Rashleigh kam mir zu Hülfe, aber seine Gründe schienen mir mehr Winke für seinen Vater, sich zu stellen, als ob er den Versicherungen meiner Unschuld glaube, wie eine Vertheidigung derselben:

»In Eurem eigenen Hause, lieber Vater, und gegen Euren Neffen, werdet Ihr gewiß nicht fortfahren, dessen Gefühle zu verwunden, indem Ihr einer Sache zu mißtrauen scheint, an der ihm so viel liegt. Unstreitig verdient Ihr sein volles Vertrauen, und wenn Ihr ihm in dieser seltsamen Angelegenheit mit irgend etwas beistehen könntet, so würde er sich gewiß an Eure Güte wenden. Aber Vetter Frank ward als unschuldig entlassen, und Niemand ist berechtigt, anders von ihm zu denken. Ich meines Theils zweifle nicht im Geringsten an seiner Unschuld, und die Ehre unsers Hauses, glaub' ich, fordert es, sie mit Wort und Schwert gegen das ganze Land zu vertheidigen.«

»Rashleigh,« sagte sein Vater, mit fest auf ihn gerichtetem Blick, »du bist ein schlauer Bursche – du bist mir immer zu listig gewesen und zu listig für die meisten Leute. Sieh' dich vor, daß du nicht zu listig für dich selber wirst – zwei Gesichter unter einer Kappe sind keine ächte Wappenkunst. – Und weil wir von der Wappenkunst reden, so will ich gehen und im Gwillym lesen.«

Er verkündete diesen Entschluß mit einem Gähnen, unwiderstehlich, wie das des Gottes in der Dunciade; und seine Riesensöhne erwiderten es, indem sie sich zerstreuten, um dem Zeitvertreibe nachzugehen, der Jedem besonders zusagte. Percival wollte einen Krug Märzbier mit dem Hausverwalter in der Kellerei versuchen, – Thorncliff ein paar Prügel schneiden, und sie an ihren Weidenkörben befestigen, – John Wassergrillen fangen, – Dickon mit sich selbst oben oder unten spielen, die rechte Hand gegen die linke, – Wilfred an den Nägeln kauen, und sich in einen Schlaf brummen, der wo möglich bis zum Mittagessen dauern sollte.

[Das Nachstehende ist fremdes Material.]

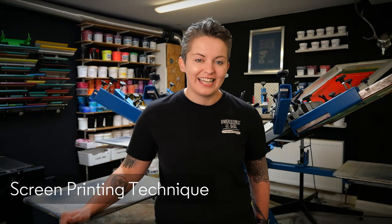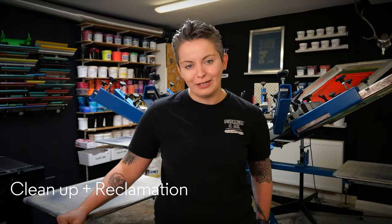Hey, it's Chessie from Screeching Ink and in this mini course, which is an introduction into screen printing, we're going to cover the following subjects. The first one is going to be artwork preparation, then we're going to talk about coating your screen and the exposure, then we're going to look at screen printing technique, and finally I'm going to run you through cleanup and reclamation of your screens.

Miß Vernon war in den Büchersaal gegangen.

Rashleigh und ich blieben allein in der alten Halle, aus der die Dienerschaft, mit dem gewöhnlichen Lärmen und Ungeschick, die Ueberreste unsers kräftigen Frühstücks endlich fortgeschafft hatte. Ich ergriff diese Gelegenheit, um ihm Vorwürfe über die Art zu machen, wie er mit seinem Vater von meiner Angelegenheit gesprochen hatte, die ich freimüthig als sehr beleidigend für mich erklärte, da mein Oheim dadurch mehr aufgefordert zu werden schien, seinen Argwohn zu verbergen, als ihn auszurotten.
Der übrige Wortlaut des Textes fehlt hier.